- **DIRECTIONS**
Make an exact copy, from the records below, of the lines from the line containing "TV LG OLED evo G4 65 Bordes Plateados" to the line containing "2 Carat Oval", both lines included, excluding pictures.

- **DATA FOR THIS TASK**
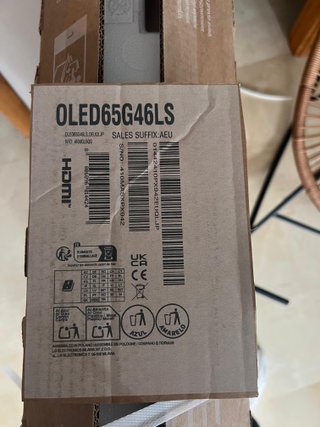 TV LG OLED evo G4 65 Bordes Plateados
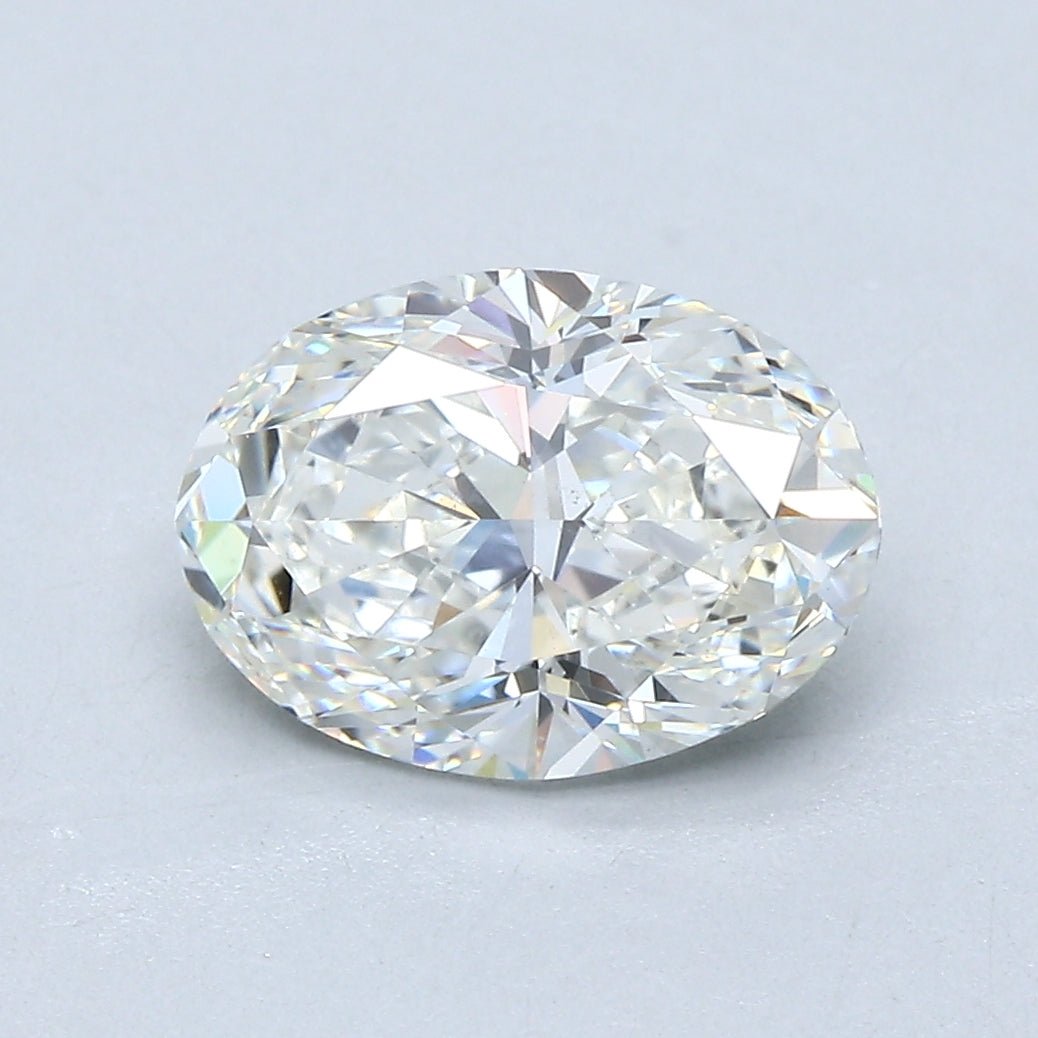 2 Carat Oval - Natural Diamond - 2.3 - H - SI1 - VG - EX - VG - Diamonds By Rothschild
--
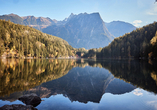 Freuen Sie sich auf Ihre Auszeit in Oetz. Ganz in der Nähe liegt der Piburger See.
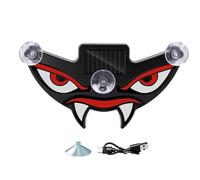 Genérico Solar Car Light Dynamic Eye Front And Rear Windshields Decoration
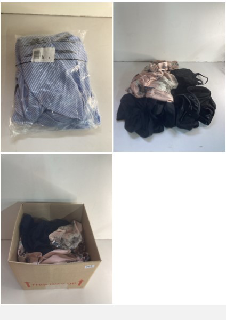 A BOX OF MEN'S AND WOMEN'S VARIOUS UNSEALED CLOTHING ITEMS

- **REPLY TO THE TASK**
 TV LG OLED evo G4 65 Bordes Plateados
 2 Carat Oval - Natural Diamond - 2.3 - H - SI1 - VG - EX - VG - Diamonds By Rothschild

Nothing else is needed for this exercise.